I don't recall Walleye Warrior ever saying that he ever bothered getting his in the B&C books but that he scored it according to B&C method. I don't see why anyone needs to bust his chops about whether it is 171 or not. It is no skin off my back whether it is or not. I know that it is a helluva buck and I don't think there is a person among us that would pass up an opportunity at something like that. I am not a gambling man but even if I was I would not put any money on that buck being under 170". Pictures can be deceiving. We don't know the spread beam mass, etc. 

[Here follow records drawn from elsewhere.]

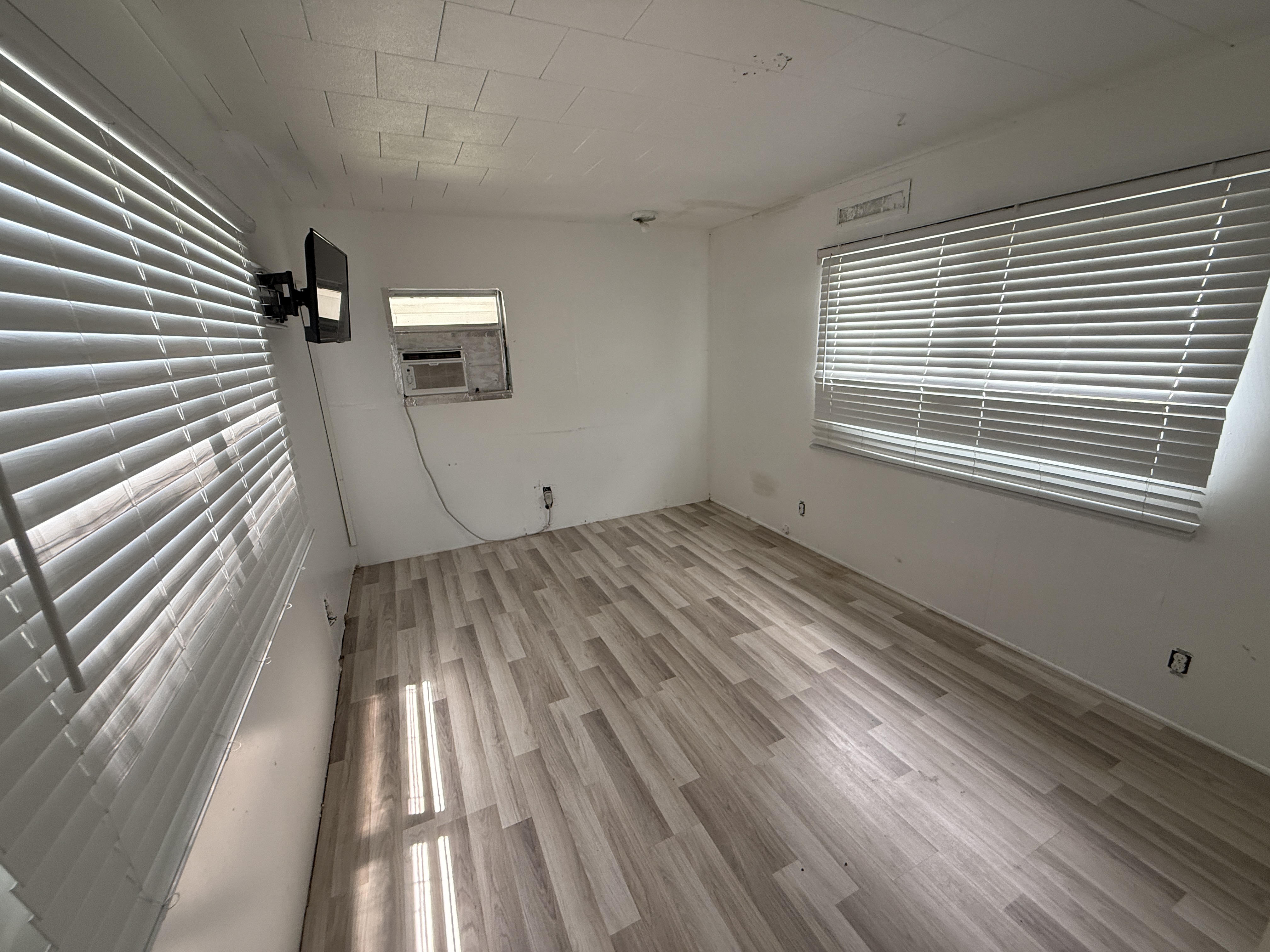 2291 Gulf to Bay Blvd, Lot 218, Clearwater, Florida 33765, 1 Bedroom Bedrooms, ,1 BathroomBathrooms,All - Age Mobile Home,For Sale,Gulf to Bay Blvd, Lot 218,5069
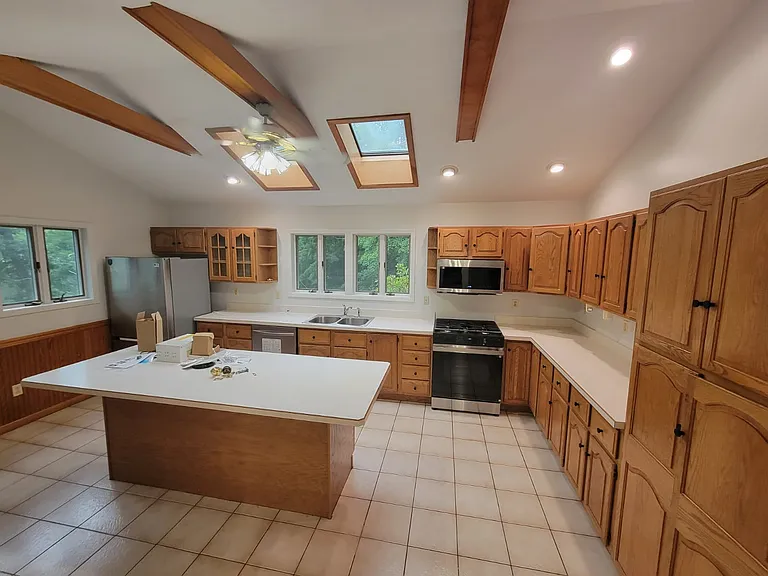 124 Forshay Rd — Photo 4
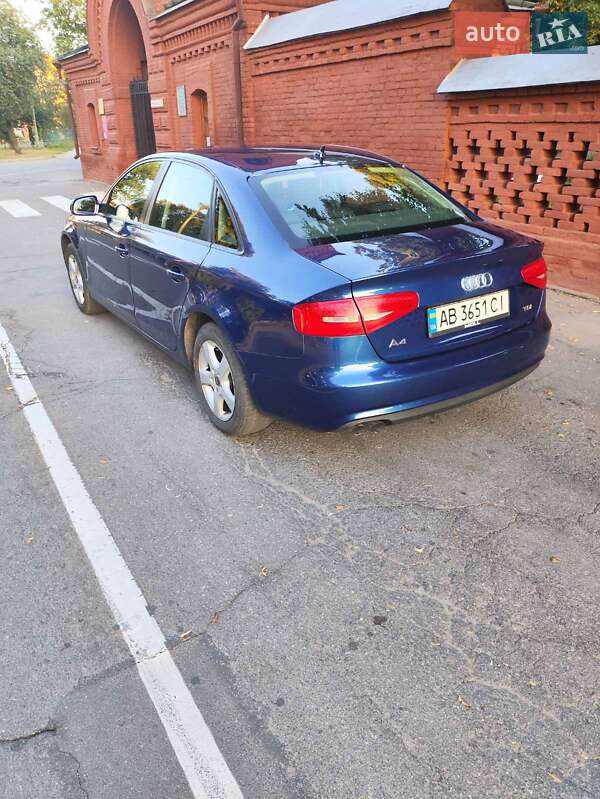 Седан Audi A4 2013 в Виннице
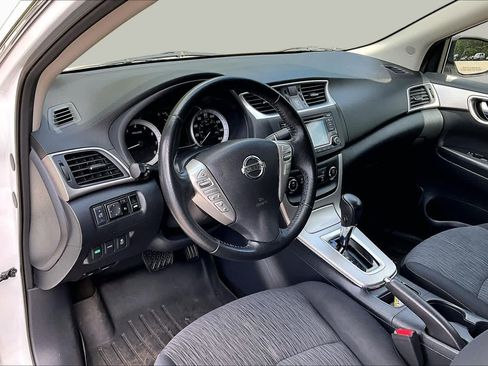 Used 2015 Nissan Sentra SV FWD image 18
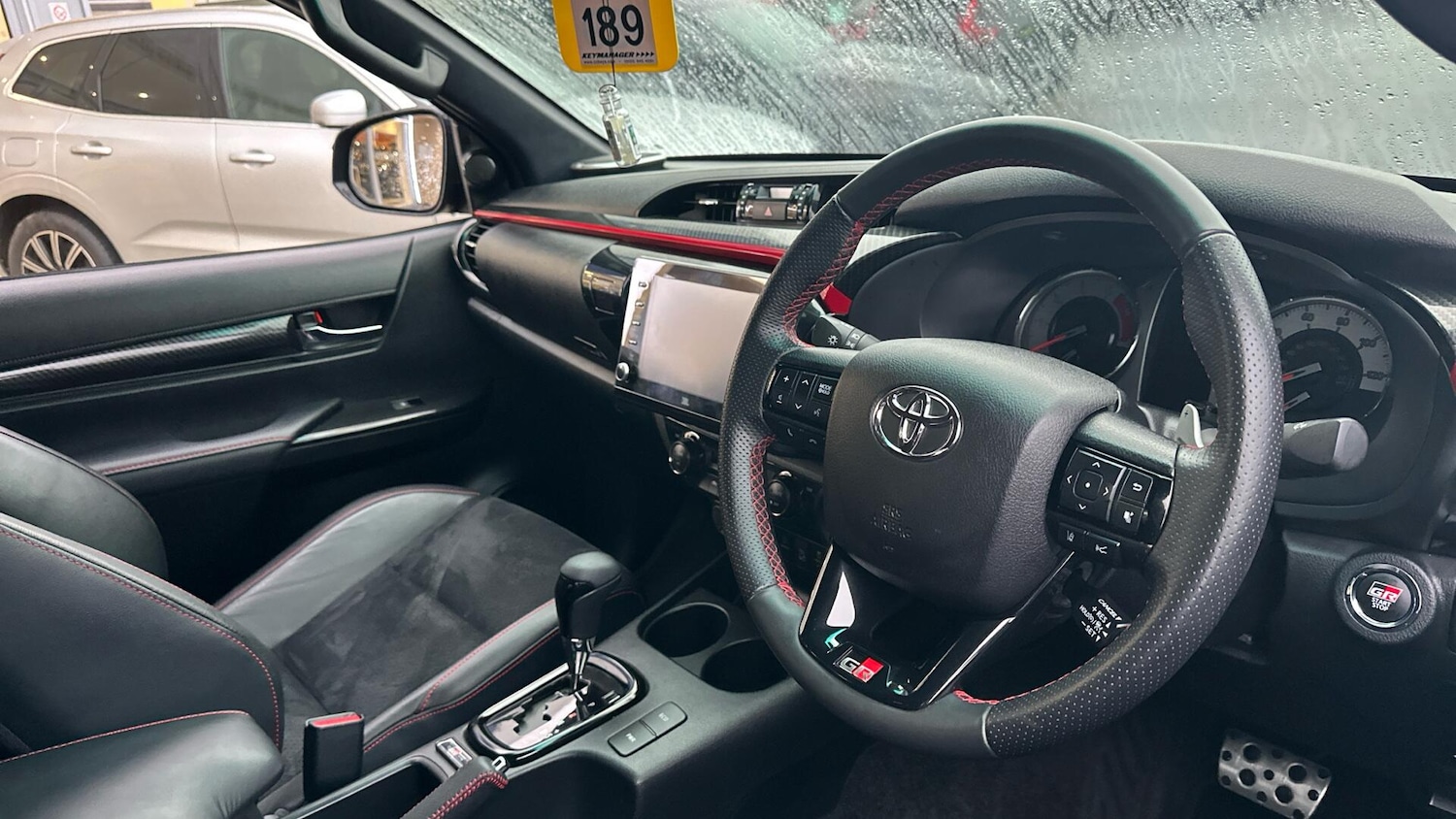 Used Toyota Hilux 2023 for sale - 77029586: Photo 4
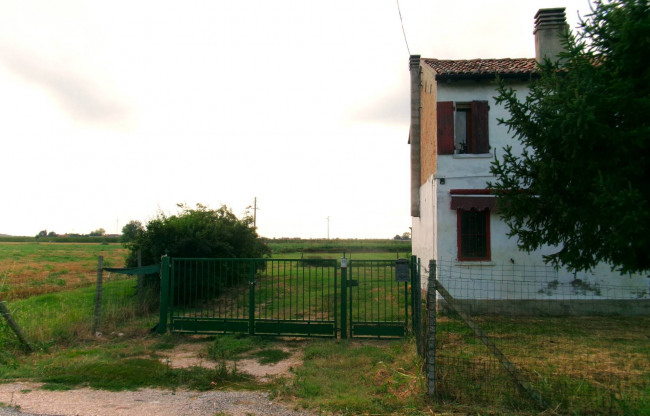Casa indipendente in vendita a Albarea, Ferrara (FE)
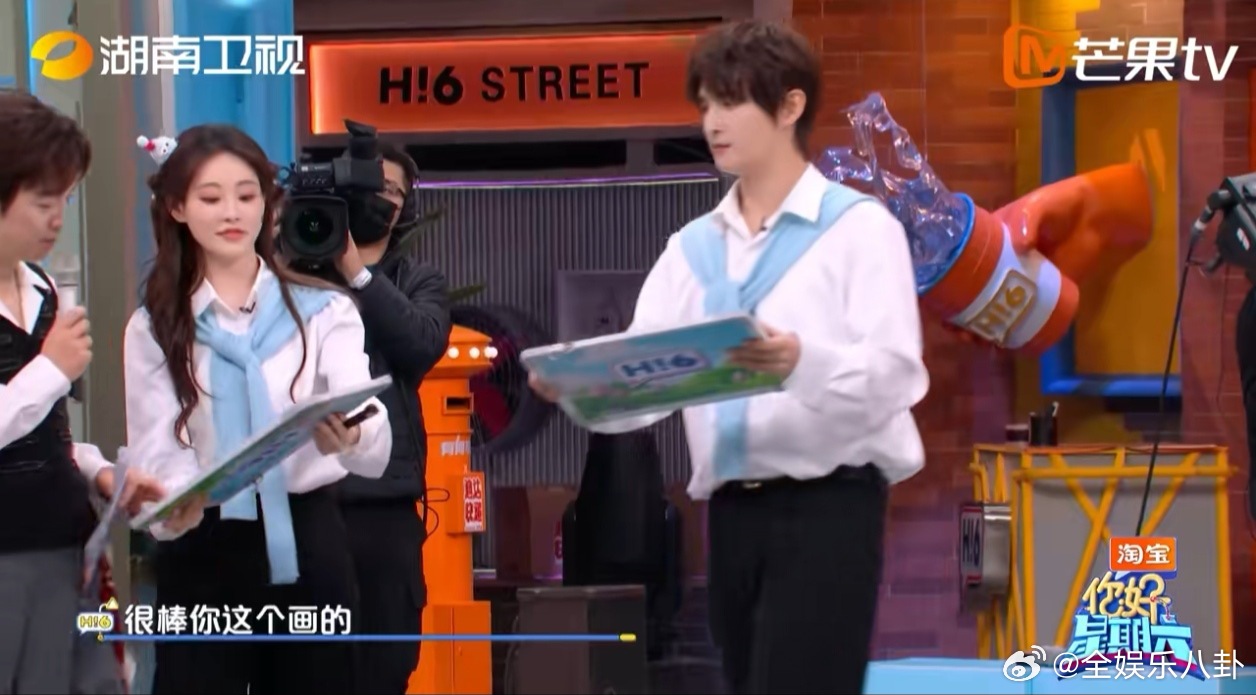 当好友为你加上十级滤镜……祝绪丹证明了，在好朋友眼里，张远可以是任何脸型！今晚《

The main thing I want to add to Walleye Warrior is congratulations on a great trophy!


----------



## Fish-N-Fool (Apr 12, 2004)

Rick - never claimed to be an expert, but I would "field judge" that rack to gross mid to high 130's. Probably a P & Y deer.

Real pretty rack!


----------



## got_a_buzz_on (Mar 17, 2005)

P&Y.........probably. looks like decent tine length......loose a few inches on the brows. 17" spread. Should gross 130+. But as we all know that gross dont mean squat. I have 4 deer that score 140+ NET on my wall all killed with the bow. now are any in the book.....nope no way no how. county killed is even too much for me. get 3500 acres leased out form under ya and you get stingy with your land.

And bkr.......not tryin to bust chops just sayin there aint no way. and i think you know what i mean. AND I WOULD STILL SHOOT THAT BIG MOTHER.

GABO


----------



## H2O Mellon (Apr 5, 2004)

Deductions will kill a deer sometimes. Whop cares if it's Pope & Young, it would be Ohio Big Buck either way, so great job, there are none of us that would pass that up & if someone says they would theyd be lying!


----------



## walleye warrior (Apr 9, 2004)

I posted this a while ago and kind of forgot about it. lots of stuff since I last looked. I had the deer scored at the sportsman den in shelby. It was scored by official scorers from the ohio big buck club in there yearly contest. I did not enter it in any of the clubs for some of the reasons mentioned by others. I like this website alot and there is alot of good people and info on it, but i rarely post here for one major reason, no matter what is posted there are always people who want to call you a liar or bust your chops about keeping a couple fish, etc, etc. What would I possible have to gain by lying about the size of this deer to a bunch of people I have never met. He grossed 171 and netted 163 due to a broken off G2 on his right side. If i can find the scoring sheet that, by the way is on ohio big buck club's official paper, I will scan it and post it for you. I have no idea where it is so I'm not making any promises. I think it's a damn shame that I need to do that, but whatever. Don't take this post the wrong way, I am certainly not trying to start anything. Just wanted to let everyone know the story with the scoring.


----------



## mrfishohio (Apr 5, 2004)

Walleye warrior


> I think it's a damn shame that I need to do that


Don't let it keep you from posting what you want. I don't know anything about scoring deer. I have seen some posts with 7# LM bass that I were not. But the poster had an inexpensive spring scale & didn't know they weren't accurate  Sometimes it's an obvious mistake, like the 60" muskie posted recently by the DNR that might be 50" (they removed the length when it came into question) I may have been a typo, or an estimate   Sometime pictures make a fish look bigger too, like a big 43# flathaed that looked like a 50# He took his scales & compared them to some certified scales (they were right). It's probably just human nature at times. Often I photograph a known object with the fish for comparision.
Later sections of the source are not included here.